Friedlich die eigene Meinung äußern, auf die Straße gehen und protestieren, lieben, wen sie wollen oder frei den eigenen Glauben wählen – für diese grundlegenden Menschenrechte kämpfen viele, vor allem junge Menschen im Iran bis heute. Seit Jahrzehnten herrschen im Iran Menschenrechtsverletzungen, Unterdrückung und Straflosigkeit für die Verbrechen des Regimes. Jeglicher Dissenz wird gnadenlos unterdrückt. Das Innenministerium sowie die Sicherheits- und Nachrichtendienste verbieten unabhängige politische Parteien, Menschenrechtsgruppen und andere zivilgesellschaftliche Initiativen. Alle Arten von Medien unterliegen der Zensur. Die Körper und Leben von Frauen und Mädchen werden staatlich kontrolliert und beschränkt. Jedes Jahr werden Tausende von Menschen willkürlich inhaftiert und zu Unrecht strafrechtlich verfolgt, weil sie friedlich ihre Menschenrechte ausgeübt hatten.

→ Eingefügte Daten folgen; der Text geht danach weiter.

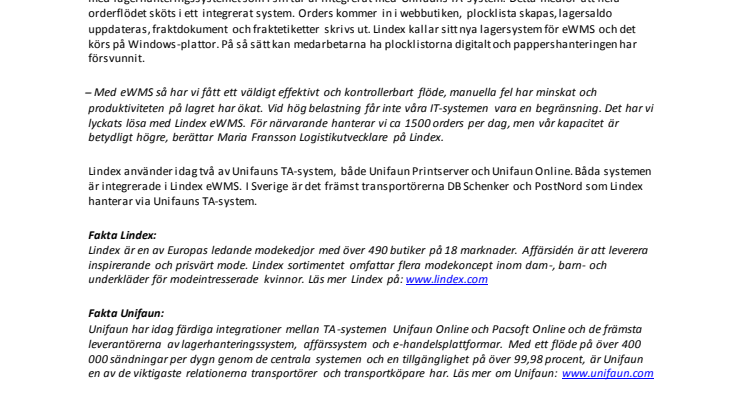 Integrerade IT-system ger Lindex ett effektivt e-handelsflöde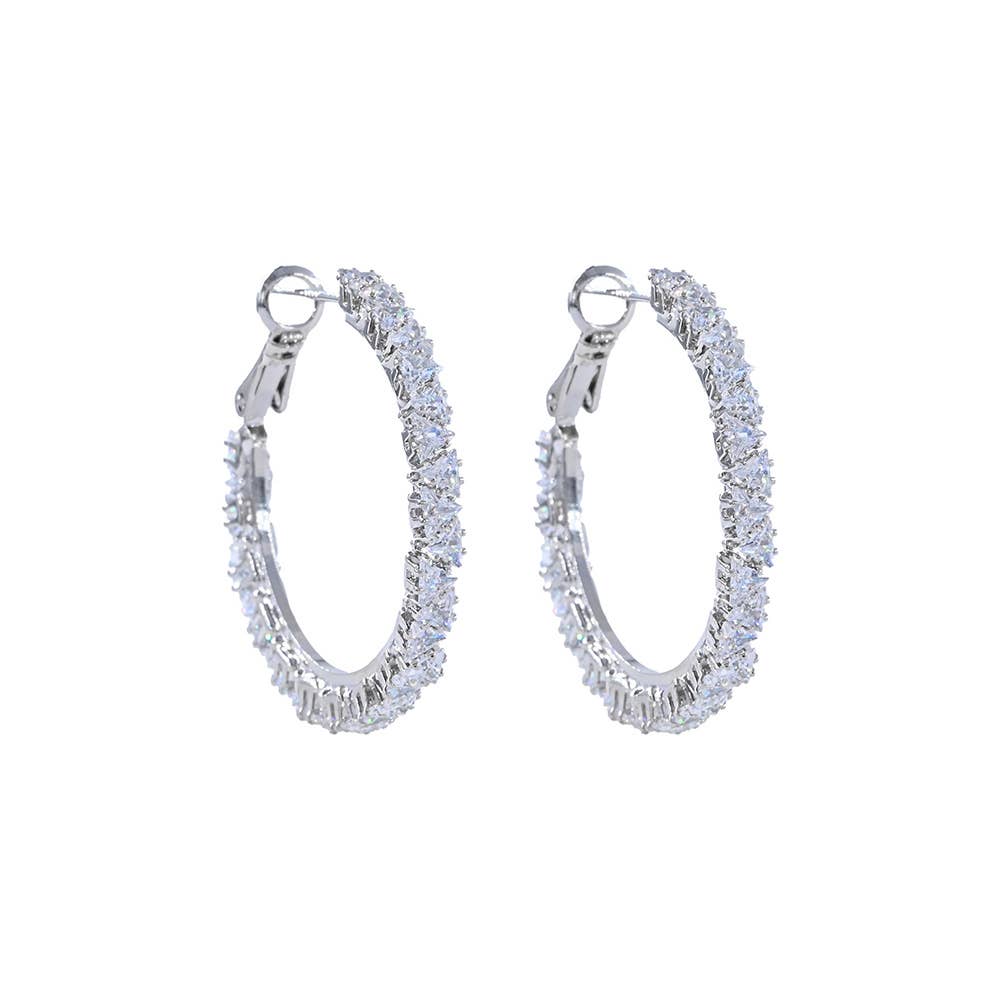Gold Dipped Triangle CZ Stone Cluster Around Hoop Earrings
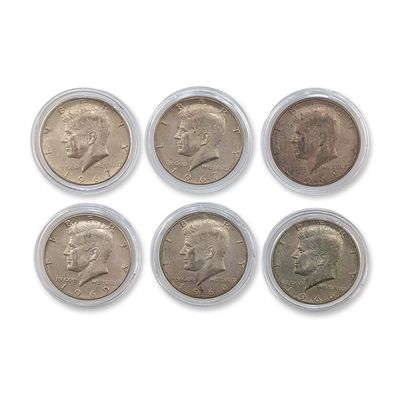 6pc US Silver Kennedy Half Dollars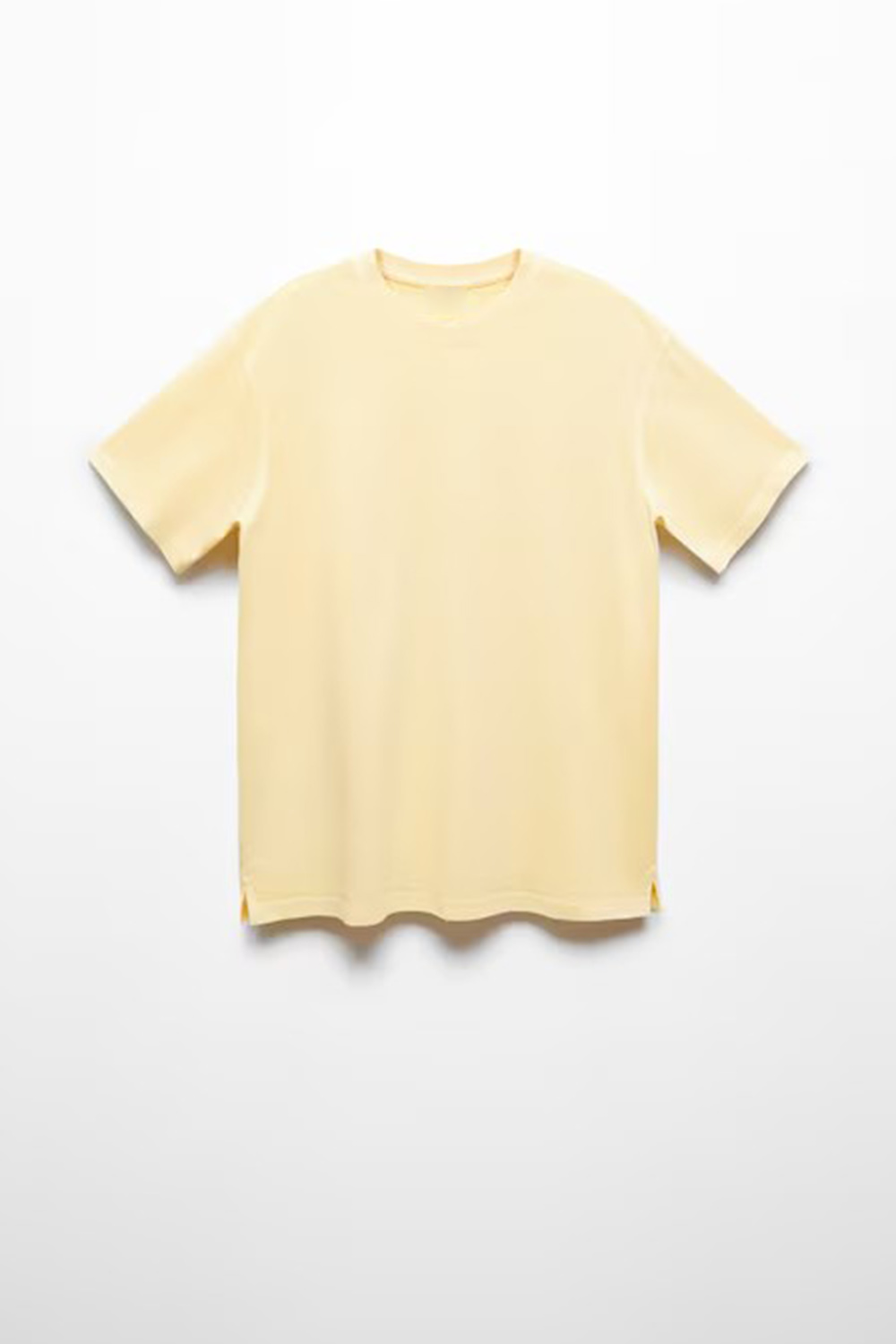 Round-Neck Ribbed Finish T-Shirt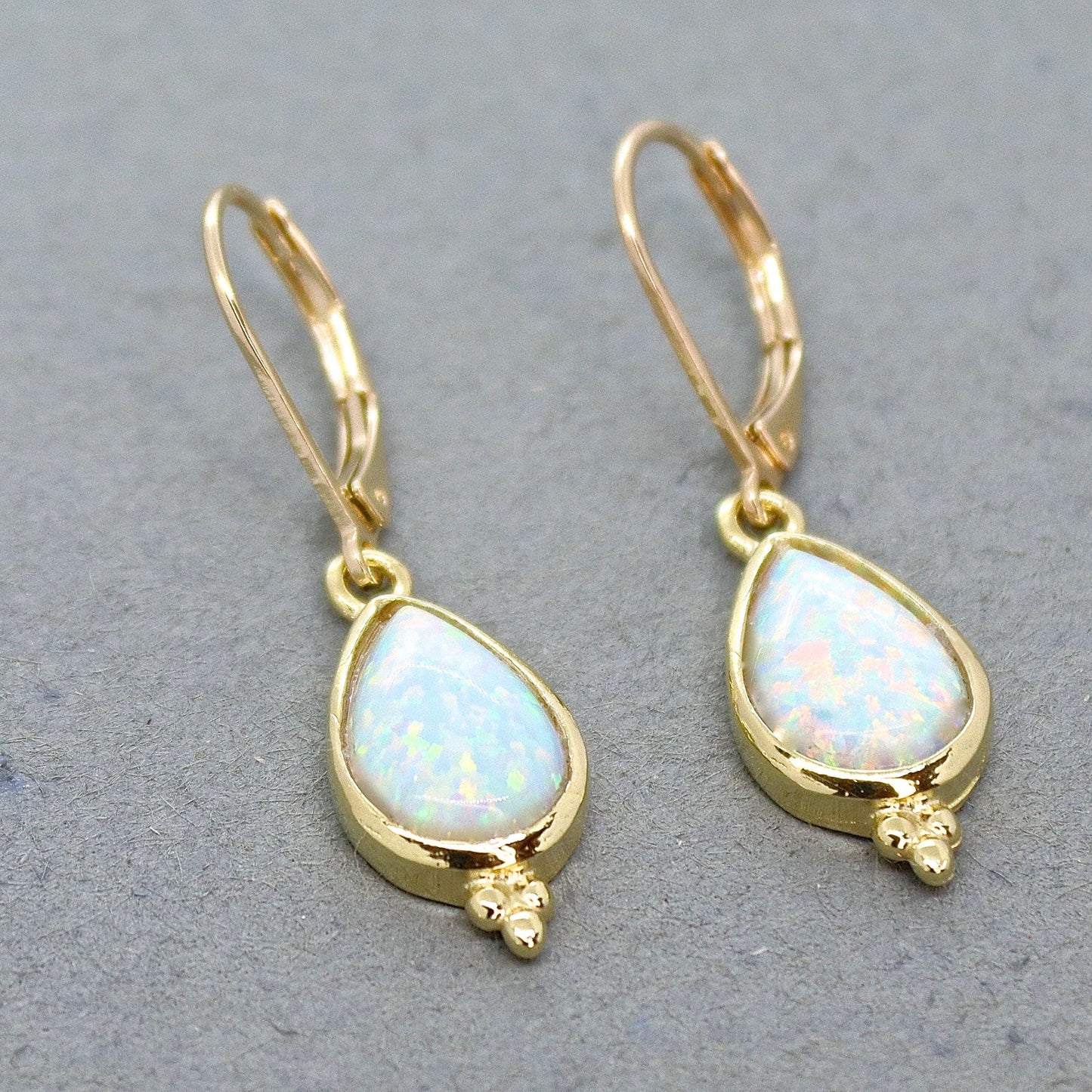 Gold Opal teardrop dangle earrings for woman, Vintage earrings, White opal drop earring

Wer im Iran versucht für Menschenrechte einzustehen, riskiert einen hohen Preis zu bezahlen. Verschwindenlassen, Folter und andere Misshandlungen sind im Iran weit verbreitet und werden systematisch angewendet, ohne geahndet zu werden. Gerichte verhängen Körperstrafen, die der Folter gleichkommen, wie Auspeitschungen und Amputationen. Das Recht auf ein faires Gerichtsverfahren wird systematisch verletzt. Die Todesstrafe dient als Mittel der politischen Unterdrückung. Im Jahr 2022 ließen die iranischen Behörden mindestens 576 Menschen hinrichten.
Flucht aus dem Iran
Die katastrophale Menschenrechtslage hat in den letzten Jahrzehnten viele Menschen gezwungen, ihre Heimat Iran zu verlassen. Viele von ihnen hoffen, eines Tages in einen freien Iran zurückkehren zu können, in dem Menschenrechte geachtet und ein menschenwürdiges Leben möglich ist.
Heute kann selbst ein Familienbesuch in der Heimat für Exil-Iraner*innen gefährlich sein: Die iranischen Behörden nehmen seit Jahren ausländische und Doppelstaatsangehörige unter falschen Anschuldigungen ins Visier, um diplomatischen Druck auszuüben. Unter dem Vorwand einer vermeintlichen Gefährdung der nationalen Sicherheit werden unschuldige Menschen inhaftiert und der Spionage bezichtigt. Dieses grausame System der Geiseldiplomatie traf in den letzten Jahren auch Menschen aus Österreich, die ihre Familie im Iran besuchen wollten, verhaftet wurden und jahrelang unschuldig im Iran in Haft saßen.
Wir fordern, dass sich Österreich aktiv in internationalen Gremien und über diplomatische Kanäle engagiert, um Rechenschaft und Gerechtigkeit im Sinne des Weltrechtsprinzips für im Iran begangene Menschenrechtsverletzungen einzufordern.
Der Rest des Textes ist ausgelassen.